Do I sound defensive? Sure. I get it. I do. Kidman is a darling of mine and I feel loyal and protective of my loved ones. Who doesn't (besides soulless people)? Listen, she's not perfect -- no actor is -- and she's given stiff performances before (I don't think highly of her work in Cold Mountain) and I don't think much of Dahan as a filmmaker (I hated La Vie En Rose) so it's possible I won't like this picture at all. But I also know that I've never been able to trust the media when it comes to Kidman. Critics are also, if I may speak in very dangerous generalities, not to be trusted to give a fair shake to movies about the interior lives of women... specifically the sheltered lost girl princess types (see the snark and savagery that Sofia Coppola has to deal with on occasion, even though she's generally well regarded). I've long since come to the conclusion that Kidman must be one of the steeliest female stars of all time.

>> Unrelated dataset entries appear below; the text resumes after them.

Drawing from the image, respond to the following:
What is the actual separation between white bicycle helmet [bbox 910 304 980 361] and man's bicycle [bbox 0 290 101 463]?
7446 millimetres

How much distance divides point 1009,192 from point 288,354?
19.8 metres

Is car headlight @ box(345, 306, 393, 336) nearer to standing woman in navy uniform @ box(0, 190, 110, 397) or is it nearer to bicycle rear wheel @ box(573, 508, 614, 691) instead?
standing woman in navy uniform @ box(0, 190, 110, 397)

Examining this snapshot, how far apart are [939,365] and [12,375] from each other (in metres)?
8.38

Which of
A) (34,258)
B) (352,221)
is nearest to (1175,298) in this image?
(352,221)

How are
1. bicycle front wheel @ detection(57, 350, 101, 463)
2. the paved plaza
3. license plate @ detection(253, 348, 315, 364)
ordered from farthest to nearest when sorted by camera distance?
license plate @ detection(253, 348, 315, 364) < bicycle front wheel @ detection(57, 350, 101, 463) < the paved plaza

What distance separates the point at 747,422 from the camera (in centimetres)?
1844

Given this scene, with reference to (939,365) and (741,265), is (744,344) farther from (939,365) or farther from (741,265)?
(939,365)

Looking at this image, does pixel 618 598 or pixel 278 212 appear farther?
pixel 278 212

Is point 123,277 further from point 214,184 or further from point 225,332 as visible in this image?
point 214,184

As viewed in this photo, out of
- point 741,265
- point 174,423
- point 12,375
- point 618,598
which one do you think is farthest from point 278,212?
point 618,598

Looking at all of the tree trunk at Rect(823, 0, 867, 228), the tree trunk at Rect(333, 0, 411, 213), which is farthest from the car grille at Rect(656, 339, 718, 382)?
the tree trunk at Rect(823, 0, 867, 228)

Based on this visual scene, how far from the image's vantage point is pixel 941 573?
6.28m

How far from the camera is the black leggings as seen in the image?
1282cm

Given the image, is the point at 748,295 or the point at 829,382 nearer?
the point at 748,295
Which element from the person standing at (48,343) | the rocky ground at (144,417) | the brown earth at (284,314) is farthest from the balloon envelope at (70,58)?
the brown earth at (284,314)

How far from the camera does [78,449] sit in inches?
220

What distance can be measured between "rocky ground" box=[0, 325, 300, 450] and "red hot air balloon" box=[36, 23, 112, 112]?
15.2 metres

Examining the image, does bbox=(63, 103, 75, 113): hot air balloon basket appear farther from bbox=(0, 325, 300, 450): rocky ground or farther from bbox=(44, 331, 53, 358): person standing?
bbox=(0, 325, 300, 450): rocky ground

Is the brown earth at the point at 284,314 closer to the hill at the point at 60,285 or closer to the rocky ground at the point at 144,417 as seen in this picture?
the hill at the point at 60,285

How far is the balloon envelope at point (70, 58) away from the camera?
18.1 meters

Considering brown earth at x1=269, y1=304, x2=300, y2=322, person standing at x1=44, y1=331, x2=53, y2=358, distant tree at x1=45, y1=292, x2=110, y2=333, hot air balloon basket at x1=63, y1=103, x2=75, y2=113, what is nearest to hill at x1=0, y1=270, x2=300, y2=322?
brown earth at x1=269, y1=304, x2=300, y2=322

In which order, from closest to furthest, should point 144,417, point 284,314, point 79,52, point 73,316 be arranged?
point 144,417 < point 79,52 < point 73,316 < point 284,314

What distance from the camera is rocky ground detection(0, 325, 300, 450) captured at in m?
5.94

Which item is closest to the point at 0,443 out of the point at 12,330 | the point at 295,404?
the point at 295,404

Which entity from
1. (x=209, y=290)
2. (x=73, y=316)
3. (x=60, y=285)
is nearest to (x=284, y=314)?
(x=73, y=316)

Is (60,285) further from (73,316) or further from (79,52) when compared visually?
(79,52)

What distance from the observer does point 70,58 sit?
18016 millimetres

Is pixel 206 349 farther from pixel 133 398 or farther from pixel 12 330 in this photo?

Like Joan Crawford tough deep down.

Consider how routinely she puts herself out there in risky projects and roles with daring chutzpah. What's more she doesn't even wall herself off from emotions, admitting in the press conference that she's "sad" that the Rainier family wish the movie didn't exist. She also revealed again, as she did in our interview here, that career success and personal happiness are rarely completely aligned and she wishes that weren't so. She got philosophical at the press conference when asked about giving up acting for love (as Grace Kelly famously did.)

I’ve lived without that and existed without that in my life, and it’s a very empty life. I’ve always said that when I won the Oscar, I went home and I didn’t have that in my life. And that was the most intensely lonely period of my life. And I’ve also said that, strangely for me, the greatest highs have coincided with the greatest lows … It’s always aggravated me that it’s gone that way. I’m hoping that one day I can have a professional high and a personal high. I don’t know if that’s ever possible.” 


3. Amy Adams Commands Top Dollar
While Nicole was working the red carpet, another lauded redhead was the hottest ticket... for 2016? Denis Villeneuve's sci-fi drama The Story of Your Life adapted from Ted Chiang's award-winning short story was sold to Paramount for $20 million in a bidding war before a single frame has been shot. It will star the seemingly unstoppable Amy Adams. She'll play a linguist asked to communicate with alien invaders. I assume the high price tag is due to both Amy's hot streak and Villeneuve's rising star in the director's chair (Prisoners & Enemy both won good reviews and, perhaps more importantly, proved that he's skilled at getting great work from top Hollywood names). The huge grosses for Gravity, essentially a one-woman show, can't have hurt its case either.

But, real talk: audiences have never been averse to women fronting sci-fi films. Alien (1979) and Aliens (1986) were massive hits. Contact (1997) was a big hit. It's not audiences that are resistant to women, it's nervous Hollywood executives who have to be reminded over and over again that female driven movies can make money. Flops starring men never have them suddenly worrying about producing the next film starring a man, you know?

In other sales news Sony Pictures Classics picked up Bertrand Bonello's Saint-Laurent, the Yves Saint-Laurent biopic that's playing in competition. Curiously there could be two French-language YSL biopics heading our way this year because The Weinstein Co bought the other one last year and have yet to release it.